# Refurbishing my old Boat trailer



## piefoot (May 10, 2017)

I have an old 14' Sea King aluminum boat on a tilt trailer. Not sure of the year. I made the mistake of letting a family friend take my boat out. He drug it over several boulders on an old 4 X 4 goat trail. Long story short, the tilt mechanism broke and the boat and trailer was abandoned on the trail. Needless to say, I was livid and he is no longer a friend. I found the boat and trailer at around 11:00 p.m. and managed to tie the trailer together with rope to limp it home. After a little welding the trailer was fully functional but no longer tilts.

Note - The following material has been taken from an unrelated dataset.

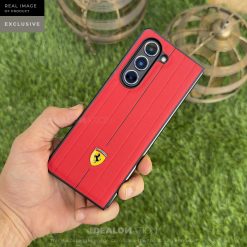 Alternative view of RED FR Vertical Strips Leather Case - Z Fold 5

Several years have passed since then. No longer having the benefit of the tilt function, I decided the boat sits entirely too high off the ground requiring me to back out into deeper water to get it to float off the trailer. That or horsing it off by sheer muscle power and dragging it back on with the front winch. The trailer is showing its many years of devoted use and i decided it was time to give it a face lift. In the process, I want to lower the boat. I didn't think to take any "before" pictures, but as you can see in the photo below, the trailer was used for more than just hauling the tinny around.







To get the ball rolling, my son and I lifted the boat off the trailer and leaned it against the garage wall. We proceeded to strip off all the old bunks, rollers, and as much of the old tilt trailer parts as we could. There's a lot of caked on dirt and rust to deal with.






It's a start anyway. More as we go.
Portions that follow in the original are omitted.